Pete said:Why is a person who has never paid income taxes offering to increase mine?
Come back when the "cruel world" is something you have experienced and not read about.
So sorry Pete for having ideas...
Well let's look at my tax code simplification proposal and the response that it invoked from many of you. A similar response will occur for ANY form of tax code simplification. There will be someone who will criticize the proposals and make them impossible. In the 2004 South Carolina Senate race, Republican Jim DeMint championed a national sales tax. The DSCC and Inez Tennebaum harshly criticized it as a tax increase for most South Carolinians. The result: DeMint's winning percentage in South Carolina, a solidly red state, was much lower than expected. Furthermore, there is a large market out there that deals with the large, convoluted tax structure in America. Imagine America without HR Blocks, tax attorneys, accountants, IRS employees...those mediums employ ALOT of people and with tax code simplification, many would lose their jobs. These two dynamics combine to ensure that any real tax code simplification will not occur.

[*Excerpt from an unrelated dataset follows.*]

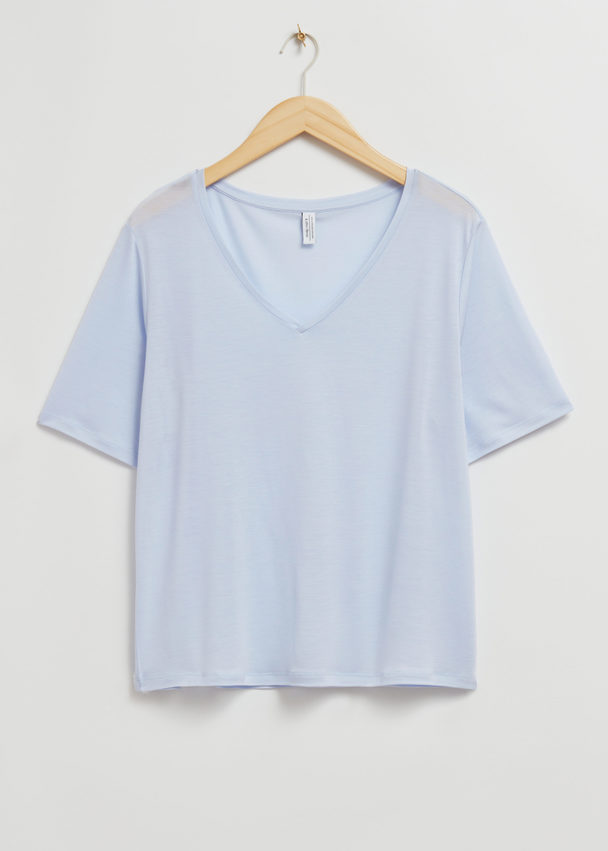 & Other Stories Crossover V-neck T-shirt Light Blue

Now I know that my 30% idea does not dramatically increase taxes, but the proof for that is found in the details and the problem is that it isn't my proposal...it is the proposal of a group of economically conservative professors. I would suggest that y'all look into it...it is a solid proposal that creates lower taxes for those who make under $100,000 and allows greater simplicity. I also like a VAT (over a sales tax, which in my opinion, affects the consumer too much while leaving the producer out of it). The thing that I absolutely would not like to see is a flat tax that causes the middle's taxes to increase and the upper's taxes to decrease (most of the flat tax proposals I have seen create such a dynamic).